Radical Love and Existentialism

The existentialist project from Kierkagaard all the way to Sartre portends a liberatory method for the human, a pedagogical praxis for the modern world. The presupposition is clear: modern thought is crippled and unautonomous, and man has been alienated, or cast-away, in a state of existential homelessness. I do not wish to examine the platitudes of Existentialism, I rather wish to examine the fundamental assumptions that existentialism is based on and the effects that foundation has in political terms. The technical arguments and dialectics that spawned the movement are commonly over looked. Most current traces of existentialism are syncretic assembalges of other schools of thought and styles, and it is clear that the movement has lost vitality, in the process, we have lost touch with what it's assumptions and theory really are.

The critique of existentialism was systemic first, that systems which place their praxis (an originary point or plane to start analysis from) on society, or societal models of change, in particular man depending on other men as the only plausible road to social liberation or autonomy of thought, i.e. Marxism. Due to this climate and the confluence of modern conditions of repression and power, there was a movement to place praxis onto pure being, into a pre-ontological sphere. This was spurned on by the phenomenologists and Husserl's introduction of the reduction and the reemergence of consciousness as a total focus of philosophy. Yet, undergirding this esotericism was a modern world grown weary of mass movements of the twentieth century.

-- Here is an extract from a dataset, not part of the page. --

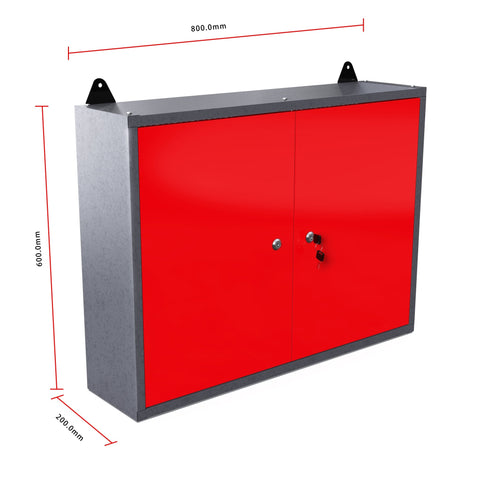 Garage Storage Metal Wall Cabinet – Modular Tool Organizer TC002 - with Red & Black | Sold by Uncle Wiener's Wholesale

Whereas the existentialist would ideally be in a position to cultivate individual models of freedom, the overly subjective focus of the existentialist canon became unrealistic, especially as it began to mirror modes of consciousness of mass consumer culture. Adorno's The Authenticity of Jargon argues that existentialism created a language of false liberation, i.e. existentialism was merely exercising what Marx would consider false-consciousness. Both modes of thought had become purely instrumentalized- meaning was self-generated and once reified would be immediately negated by thoughts instrumental power of mediation of all thought, once this mediation had become natural, positive and negative were reified prior to living experience, individual liberation tehn became an illusion of the existentialist who was employing a system that was unconscioulsy opressing itself in a natural, identifiable way.

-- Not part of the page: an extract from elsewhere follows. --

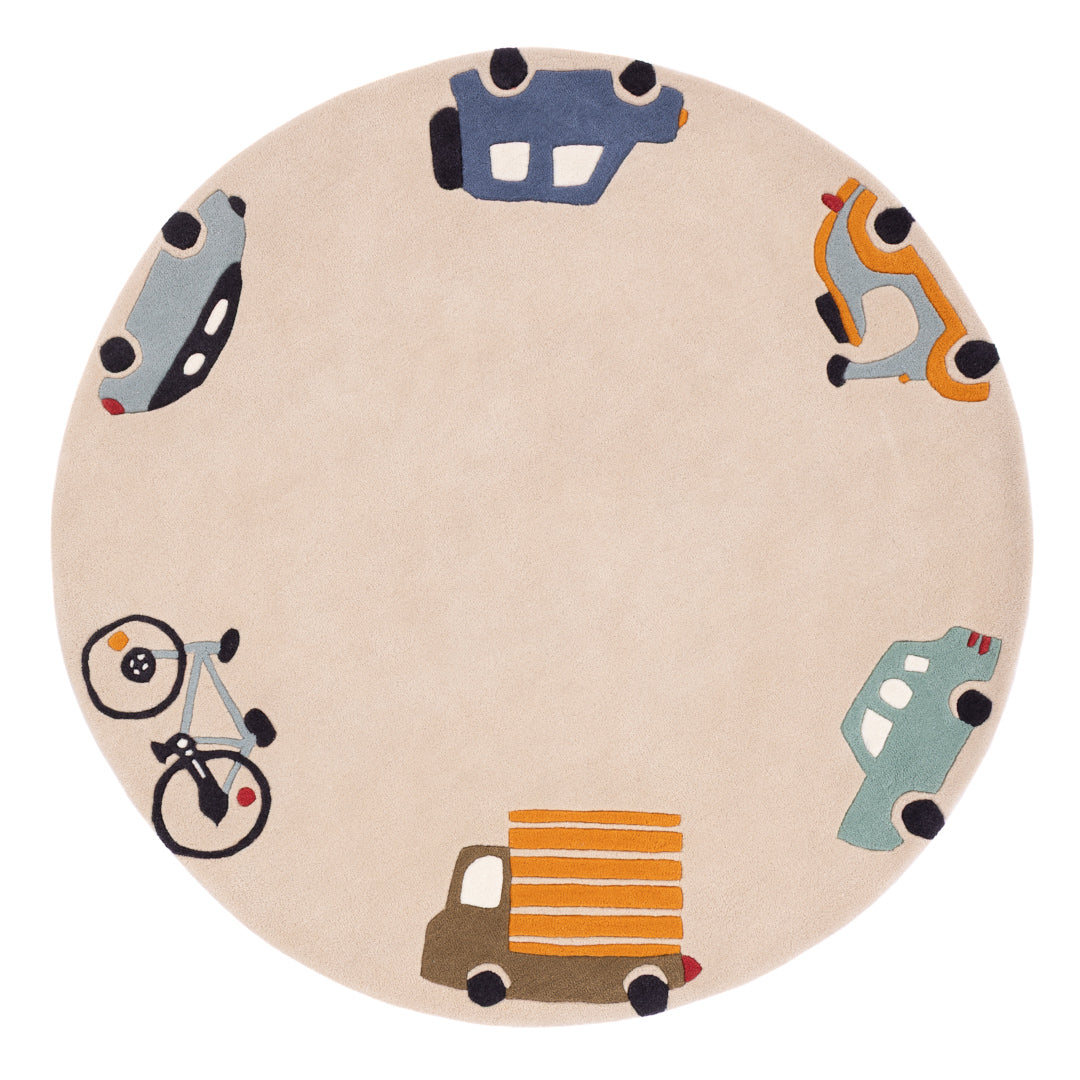 Auto's Kindertapijt Rond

Before I present my ideal form of existentialsim, as rooted in the doctrine of radical love as found in Christianity, it is important to investigate the technical ontological arguments that predicated the existentialist point of view:

Existentialist ideas were rooted in an early twentieth century excavation of philosophical thought by the phenomenologist Edmund Husserl, who had revolutionized the Kantian transcedental subject and put forth a theory of human experience. This was based on the asumption that modern life caused a disjointing to take place in terms of self-formation, identity, etc. The praxis of existentialism held a belief that was first made coherent by Nietzsche, that meaning in modern life is plagued with nihilism.

Existentialism begins with an individual centered quest for freedom in the world. Yet mans consciousness is inherently free, and there is bases its theory on the idea that inner love, when cultivated appropriately by the individual can be radiated out and in turn solve the central message of Christianity, to love ones neighbor as oneself. This simple truth was never embraced by existentialists who turned love into a realm of pure being, an abstraction. The existentialist claims that the modern predicament causes a revolt of oneself against oneself first, not against others. While the order and sequence is not significant, i.e. I am revolting against this opressive societal construct, or against this persons evil, the object of revolt is significant because the two are completely intertwined. The inevitable revolt against oneself was the angle from which the existentialists prescribed their praxis for modern man.

What draws me to the Christian based mode of thinking, based on radical love was its veering away from the individual turning away to a source of pure being and instead placing a comittment to their own struggle for freedom in themselves through others. It goes something like this: embrace a pure comittment to social liberation of oneself freely (in relation to others as first priority)and that is proof alone that a disillusioned revolt against oneself is an arbitrary focal point to become diillusioned with others also undergoing that same struggle.